Bowls New Zealand should return the national championships to the format that worked successfully in the past, according to former international Danny O'Connor.
"The championships used to be the most prestigious event in the country. Why do they have to keep tinkering with it?" said O'Connor, who is attending his 28th national event.
O'Connor was critical of the decision to start the tournament with the fours instead of the traditional singles.
He said most players from the North Island came to Dunedin as a four, and also played in the singles and pairs. But the fours were usually the main focus of the trip south.
O'Connor, who has won eight national titles, believes the singles are not the most important event for most bowlers, but they play in it as a warm-up for the pairs and the fours.
O'Connor plays for the Auckland Okahu Bay club and estimates it costs about $1500 to come to Dunedin for the championships.
"It costs a lot and we want to get value for money," O'Connor said.
"When we first come down here we don't want to be thrown in the deep end."
He said that nearly 90 per cent of the bowlers playing in the championships did not expect to win titles.

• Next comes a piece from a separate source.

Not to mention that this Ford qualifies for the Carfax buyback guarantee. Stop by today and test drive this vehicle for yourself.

They just come to play bowls and have the opportunity of playing against the best bowlers in the country.
When the national championships were in their heyday there were always four days of section play in the fours over 25 ends.

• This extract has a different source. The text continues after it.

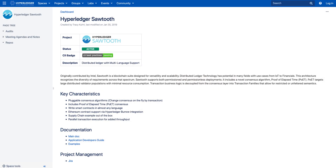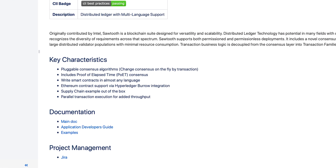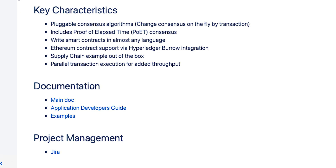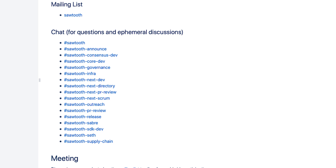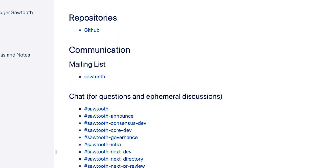If you want to get involved with Hyperledger Sawtooth, I always say start by just hopping onto the wiki and having a look around, because there's some pretty good documentation and lots of hints and breadcrumbs that you can follow.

Bowlers like the long game of fours and the chance to play against the best in the country.
"Four days of section play would be ideal, but I would settle for three as long as it is over 25 ends," O'Connor said.

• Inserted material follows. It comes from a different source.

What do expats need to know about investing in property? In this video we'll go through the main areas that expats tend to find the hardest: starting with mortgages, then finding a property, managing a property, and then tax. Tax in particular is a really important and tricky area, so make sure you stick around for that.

"When they played two games of fours a day over 25 ends everyone was happy."
O'Connor said there were 179 withdrawals from the singles when they were played last at the Wellington tournament in 1998.
O'Connor also feels that Bowls New Zealand should go back to the old format of playing the championships at the main centres of Auckland, Wellington, Christchurch and Dunedin on a four-yearly cycle.
"Everyone would then know where they would be playing in 20 years' time," O'Connor said.
He said the top bowlers would always keep coming to the national championships, no matter what the format was, but "we have to get the run-of-the-mill bowlers to play and make it appealing to them."
Bowls Dunedin president Trish Seaman said her centre decided the format.
However, it was decided before her administration was elected last September and it was too late to change anything.
"I personally would have liked the singles to have been held first," Seaman said. "We did not learn from the mistakes Auckland made when it ran the tournament last year."